- Work to complete: Exact copy, no pictures: take the lines of the listing below from the first through the one containing "Popcorn in white".
+++ Record extracts +++
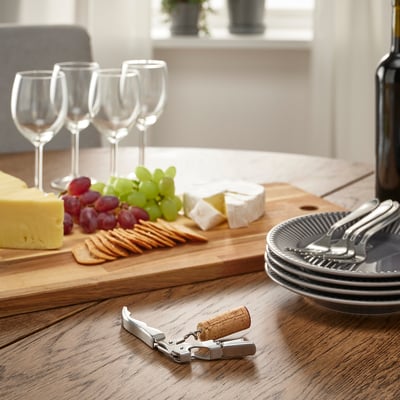 Wooden table set with cheese, grapes, crackers, wine glasses, plates, forks, a corkscrew, and a bottle, ready for a meal.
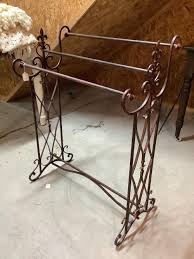 Sold at Auction: Iron Quilt Rack and Coverlets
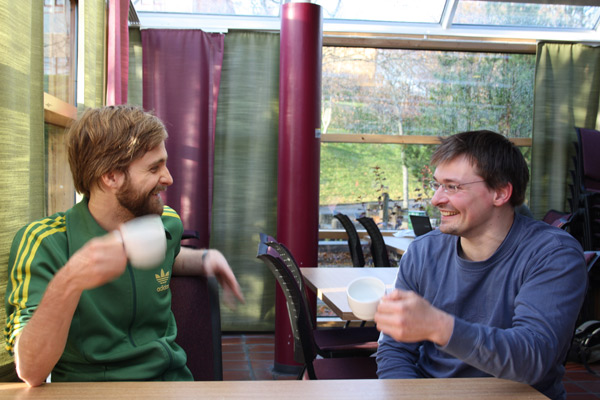 Peter og Frank spiser rundstykker og drikker kaffe på en kafé.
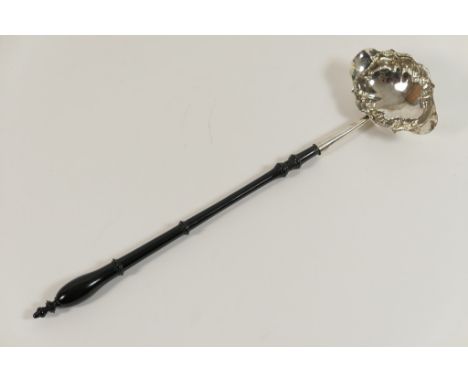 George III silver brandy ladle, maker T.S, London 1772, with turned ebony handle, 34.5cm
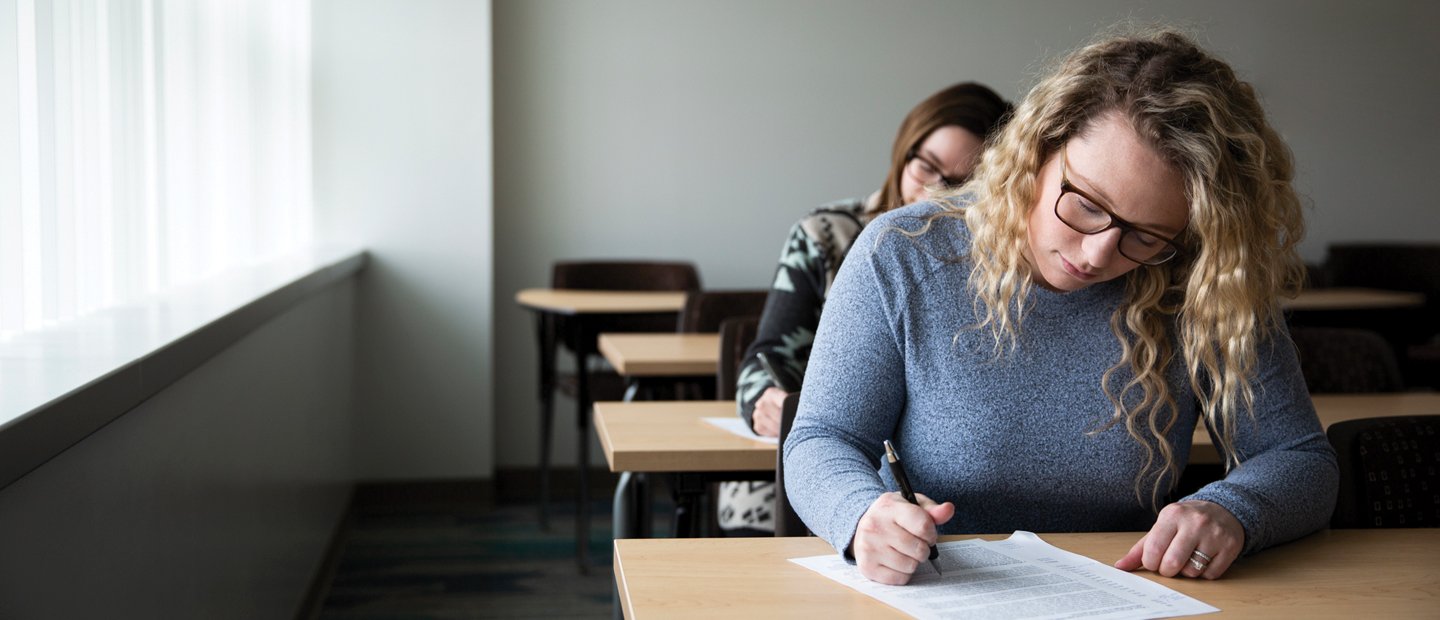 Two female students seated at desks, writing on documents.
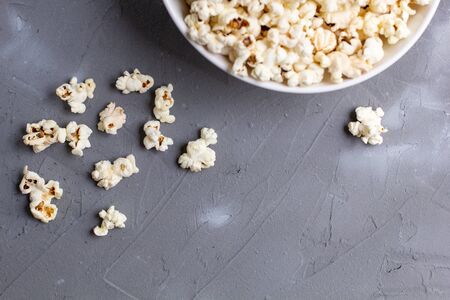 Popcorn in white bowl on grey table. Top view with copy space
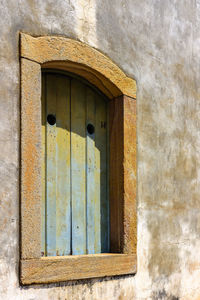 Low angle view of window on old building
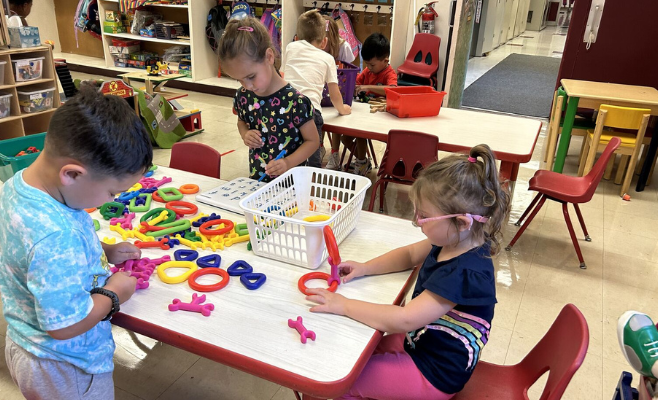 PreK students are working on various class work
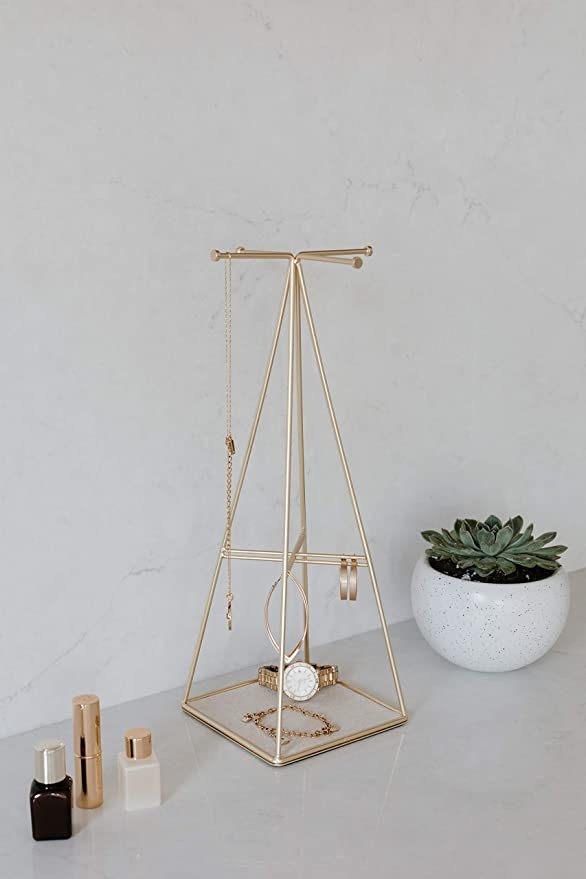 The jewellery stand on a counter next to a plant and cosmetic bottles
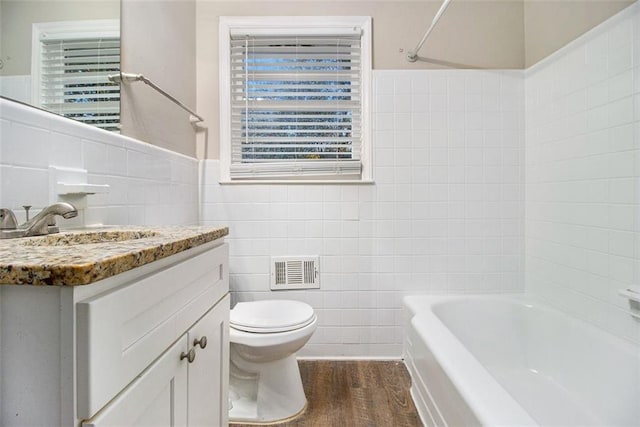 full bathroom with toilet, vanity, tile walls, and hardwood / wood-style flooring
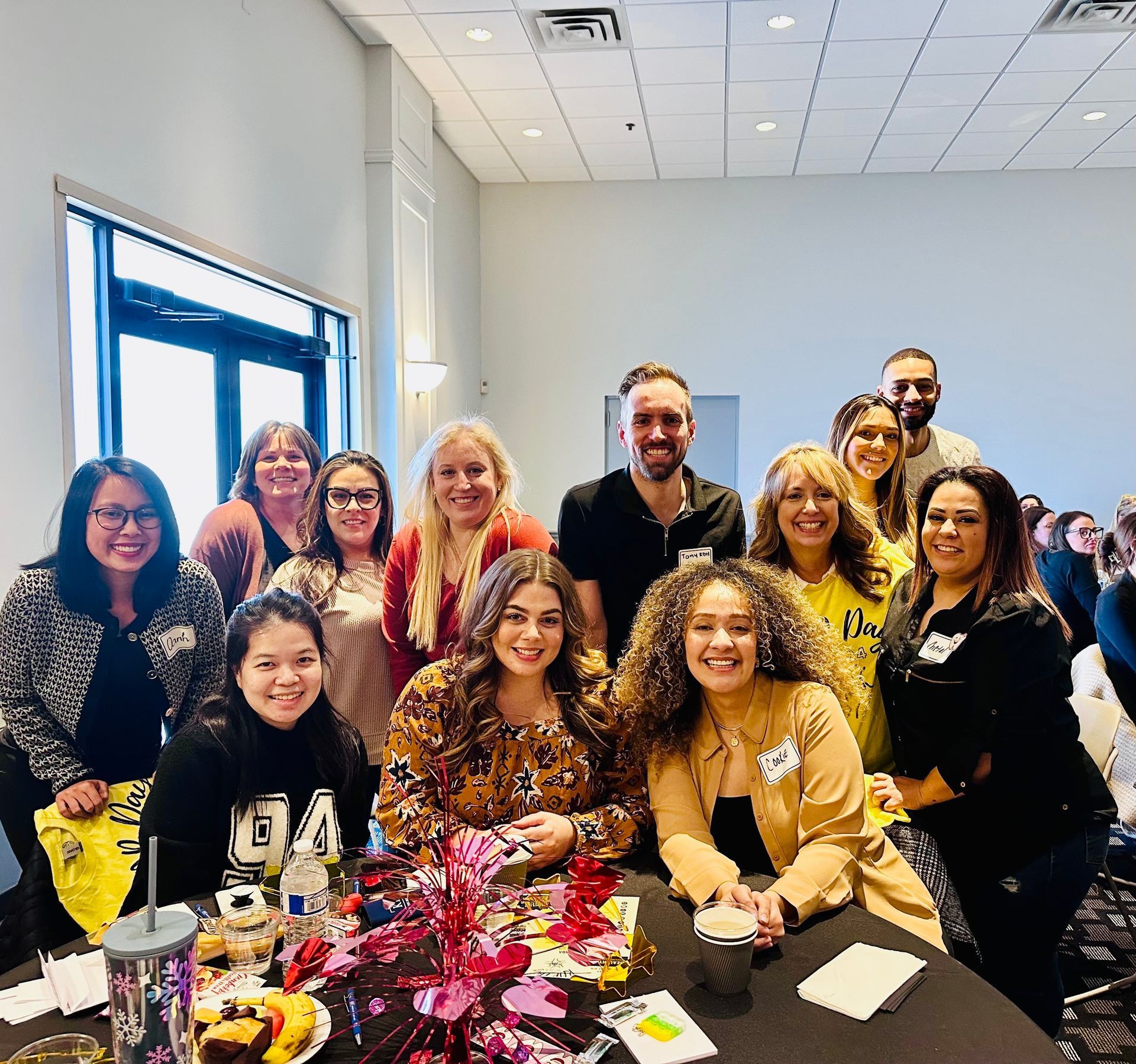 A group of people are posing for a picture while sitting at a table.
+++
- Answer to the exercise:
 Wooden table set with cheese, grapes, crackers, wine glasses, plates, forks, a corkscrew, and a bottle, ready for a meal.
 Sold at Auction: Iron Quilt Rack and Coverlets
 Peter og Frank spiser rundstykker og drikker kaffe på en kafé.
 George III silver brandy ladle, maker T.S, London 1772, with turned ebony handle, 34.5cm
 Two female students seated at desks, writing on documents.
 Popcorn in white bowl on grey table. Top view with copy space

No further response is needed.